--- Action item ---
Leave the images aside and copy out the whole listing, exact to the word.

--- Data excerpt ---
-------

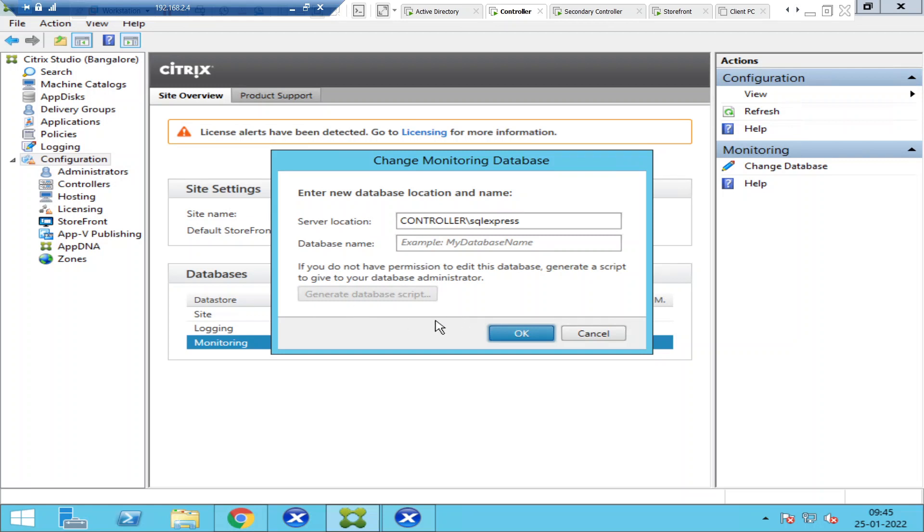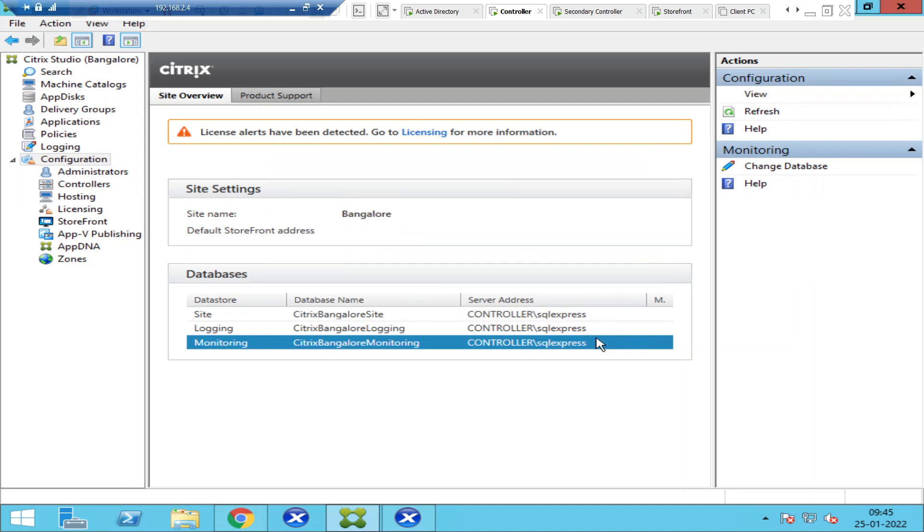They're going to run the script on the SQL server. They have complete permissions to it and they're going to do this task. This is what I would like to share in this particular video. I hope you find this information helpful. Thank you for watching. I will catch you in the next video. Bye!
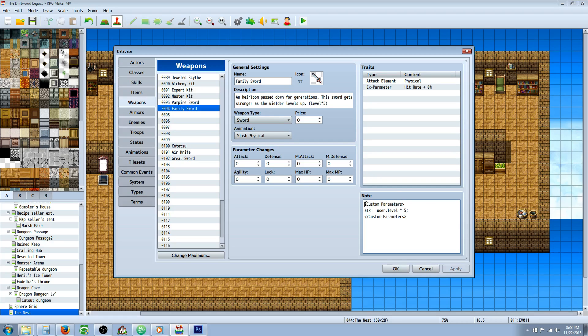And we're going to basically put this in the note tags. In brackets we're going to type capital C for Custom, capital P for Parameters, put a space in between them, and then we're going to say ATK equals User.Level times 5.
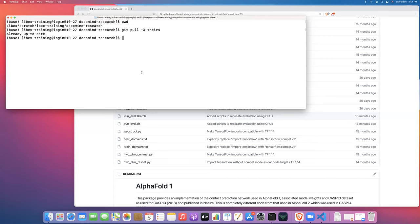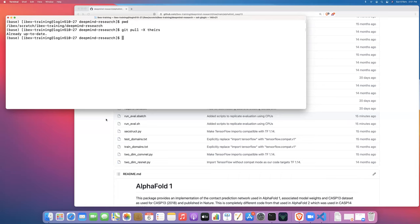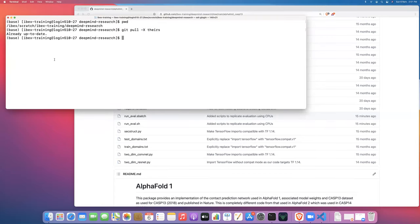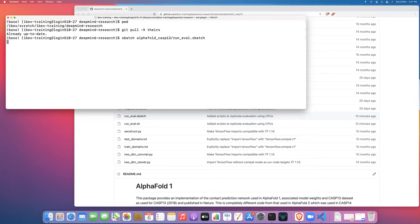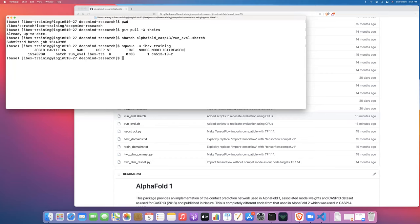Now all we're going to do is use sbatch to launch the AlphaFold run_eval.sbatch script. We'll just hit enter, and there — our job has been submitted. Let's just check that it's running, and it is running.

-------

--- Answer box ---
They're going to run the script on the SQL server. They have complete permissions to it and they're going to do this task. This is what I would like to share in this particular video. I hope you find this information helpful. Thank you for watching. I will catch you in the next video. Bye!
And we're going to basically put this in the note tags. In brackets we're going to type capital C for Custom, capital P for Parameters, put a space in between them, and then we're going to say ATK equals User.Level times 5.
Now all we're going to do is use sbatch to launch the AlphaFold run_eval.sbatch script. We'll just hit enter, and there — our job has been submitted. Let's just check that it's running, and it is running.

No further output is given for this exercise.